→ **WHAT IS REQUIRED**
Apart from the pictures, every line below is to be set down exactly.

*** Opening of DATA SECTION ***

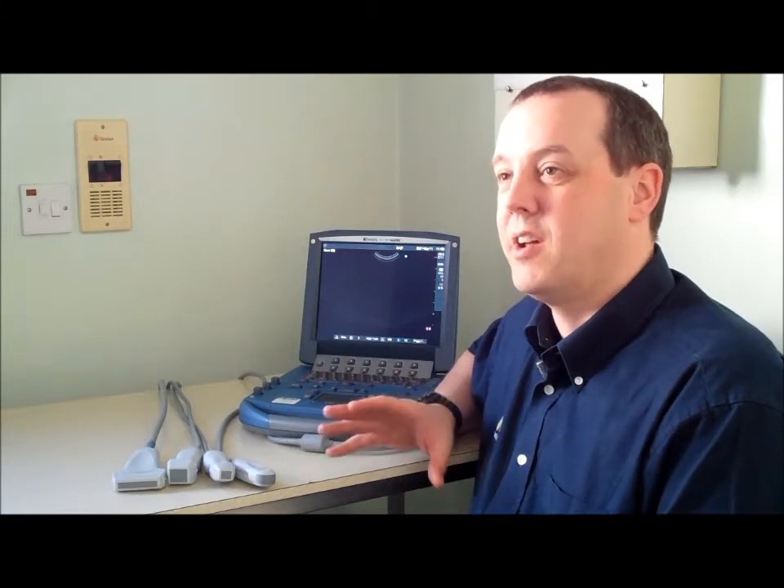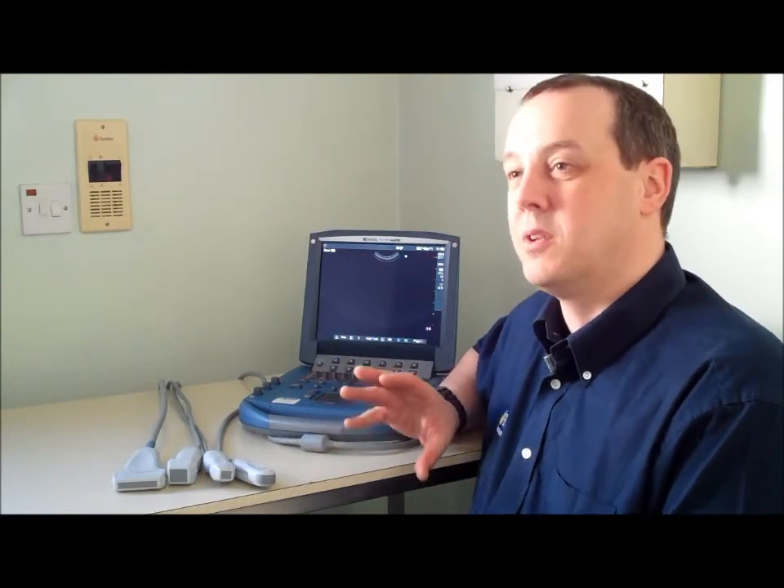The Micromax is incredibly easy to use, which means more vets will use the scanner more often in your practice. It's used on a daily basis for pregnancy scanning, pyometra, liver problems, and especially spleen.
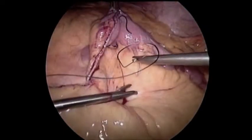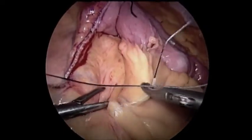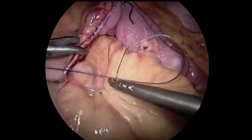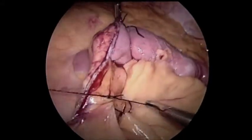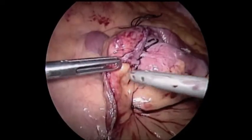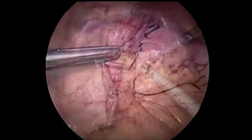We feel very strongly that it's important to close all internal hernia defects, so here we're using 2-0 silk to close the distal mesenteric hernia defect. One hint: using a needle that's a little bit larger than a standard GI needle makes it much easier to do a purse-string closure and speeds up your mesenteric closure. There's our completed distal mesenteric closure.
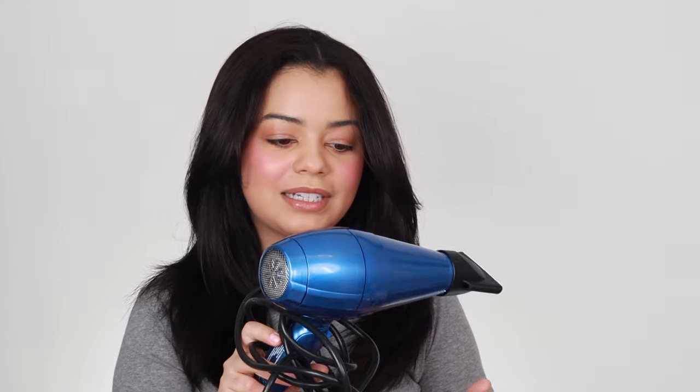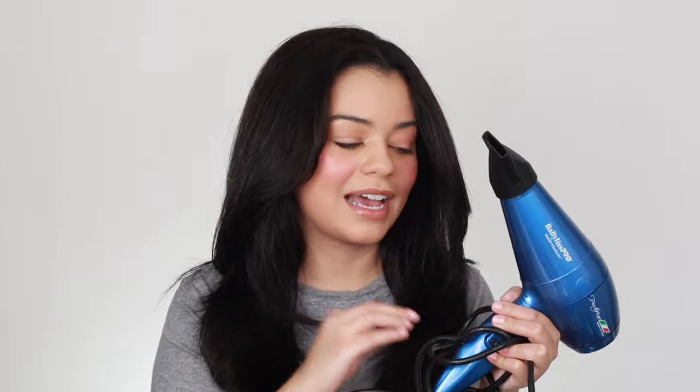I feel like this doesn't get as hot as I'd want — not as hot as the Shark FlexStyle or even the BaByliss blow dryer. The BaByliss is one I've been obsessed with — I'll link it down below. It's similar to this one, except this is a blow dryer brush and that's a regular blow dryer. I've noticed my blowouts turn out a lot smoother and last way longer when I use a round brush with a regular blow dryer. I can see why salons still use that technique — it gives the nicest, smoothest results. I've been practicing a lot and it's been giving me the best blowouts lately.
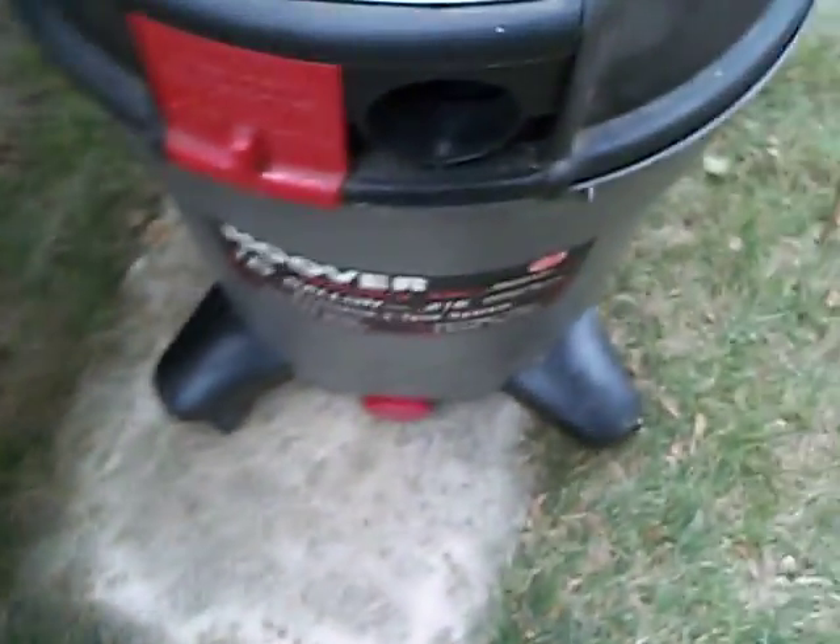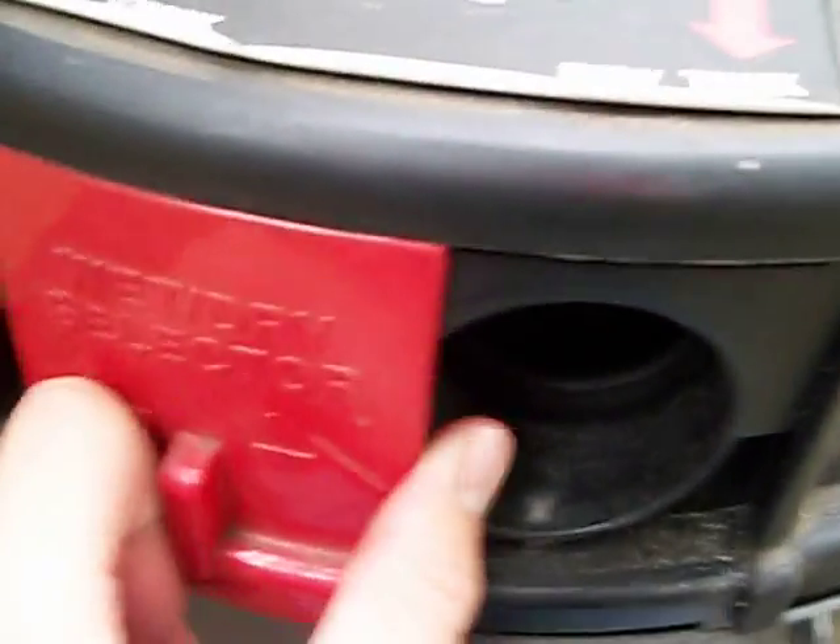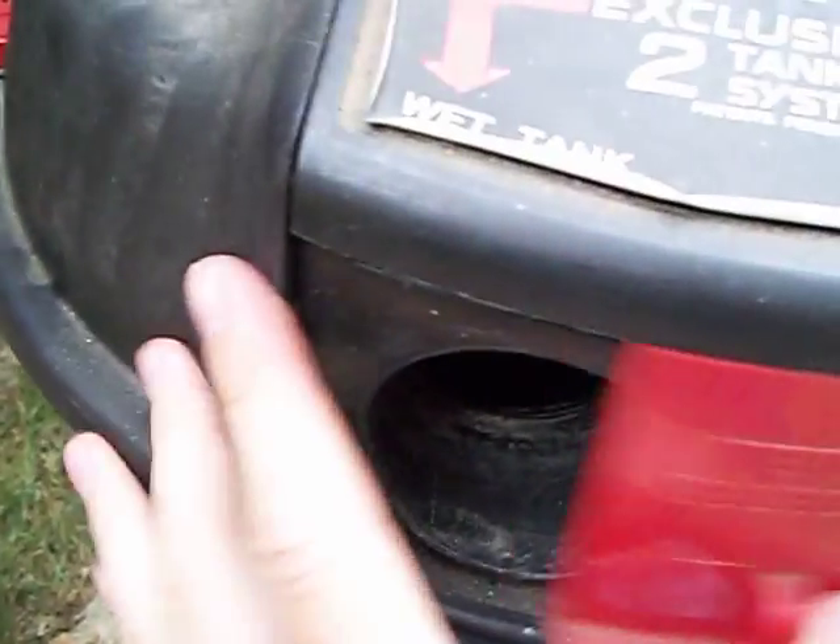Here it is outside. I'll give you the low down up here. You select this little knob, back and forth — dry tank, wet tank. The strap's off here.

*** Close of DATA SECTION ***

→ **ANSWER AREA**
The Micromax is incredibly easy to use, which means more vets will use the scanner more often in your practice. It's used on a daily basis for pregnancy scanning, pyometra, liver problems, and especially spleen.
We feel very strongly that it's important to close all internal hernia defects, so here we're using 2-0 silk to close the distal mesenteric hernia defect. One hint: using a needle that's a little bit larger than a standard GI needle makes it much easier to do a purse-string closure and speeds up your mesenteric closure. There's our completed distal mesenteric closure.
I feel like this doesn't get as hot as I'd want — not as hot as the Shark FlexStyle or even the BaByliss blow dryer. The BaByliss is one I've been obsessed with — I'll link it down below. It's similar to this one, except this is a blow dryer brush and that's a regular blow dryer. I've noticed my blowouts turn out a lot smoother and last way longer when I use a round brush with a regular blow dryer. I can see why salons still use that technique — it gives the nicest, smoothest results. I've been practicing a lot and it's been giving me the best blowouts lately.
Here it is outside. I'll give you the low down up here. You select this little knob, back and forth — dry tank, wet tank. The strap's off here.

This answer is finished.